А недавно он невольно подслушал разговор жены и её сеструхи, Любки. Та припёрлась, как всегда с рынка, где продавала домашний творог, под кайфом, и начала гундосить про болезни, терзающие её душу и тело с самого дня рождения. По правде сказать, Любке не повезло: инвалид с детства, одна рука короче другой, и что-то вроде пенька топорщится на спине. Никто её по случаю таких дефектов в жёны не взял и, бабы говорят, она до сих пор ходит в девках, хотя уже седина пробивается в волосах. Всё это походило на правду: попробуй, опрокинь её на спину – она и перевернётся на бок. Колька по молодости попытался залезть на родственницу, оказать ей гуманитарную помощь, но получил по морде костлявой укороченной рукой и больше не предпринимал попыток лишить девственности убогую девку.
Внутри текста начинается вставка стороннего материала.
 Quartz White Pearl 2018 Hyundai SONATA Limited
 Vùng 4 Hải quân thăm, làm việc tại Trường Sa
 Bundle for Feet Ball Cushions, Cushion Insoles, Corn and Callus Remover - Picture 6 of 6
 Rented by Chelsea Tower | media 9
Обычно при появлении боли Николай отлёживался на топчане в прохладном чулане. Он давно заметил, что грудная боль затухает в этом месте, если закрыть глаза и представить себе, как он опрокидывает Любку. А сегодня его потянуло к открытому окну, на свежий воздух.
«Твою мать! – плюнул Колька через подоконник открытого окна, возле которого коротал время, отпущенное ему судьбой. – Ну и лекарство приходит на ум, лучше не придумаешь. Правильно говорят: запретный плод сладок, но не до такой же матери!»
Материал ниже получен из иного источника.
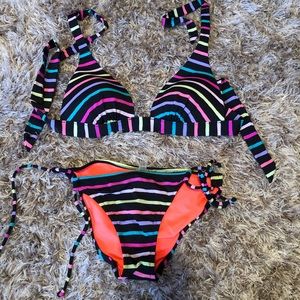 Striped VS bikini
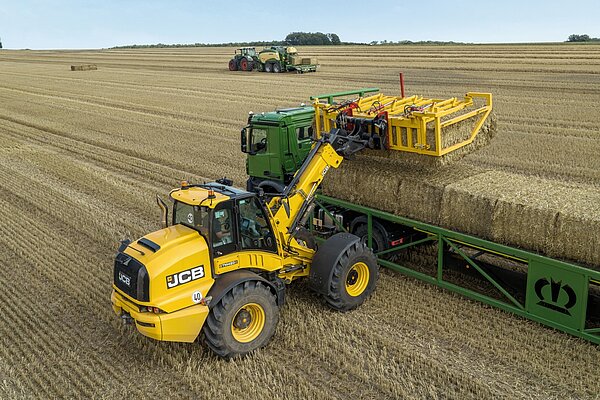 Colocación de pacas a medida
Любка на кухне разошлась вовсю, как будто выжрала не чекушку в туалете на рынке, а полноценную полулитру на празднике урожая в Доме культуры.
- Колька твой - не жилец! – злобно шипела она старшей сестре, словно до сих пор не могла простить Кольке половой осечки. – Если врачи не могут определить болезнь, дело ясное – рак!
Кольку змеиное шипение Любки окатило словно кипятком.
«Всё! Пиздец! Так оно и есть!» - забурлило у него в груди.
Такой расклад приходил и ему в голову, но он быстро убегал от него в успокоительный чулан, где ждала Любка. После очередной неудачной попытки овладеть уродиной Колька начинал думать о приятном.
«Много ли в его жизни было счастливых моментов и удовольствий? Шоферюга - он и есть шоферюга! Баранка в руках, жопа в седле, морда с похмелья, радикулит с рожденья! Стыдно признаться, но больше всего удовольствия он получал, сидя на горшке. Это тебе почище мамкиной пизды – никогда не надоедает! Просрался – душа поёт, и приятно так щекочет в заднице, словно куриным пёрышком между ягодицами баба водит».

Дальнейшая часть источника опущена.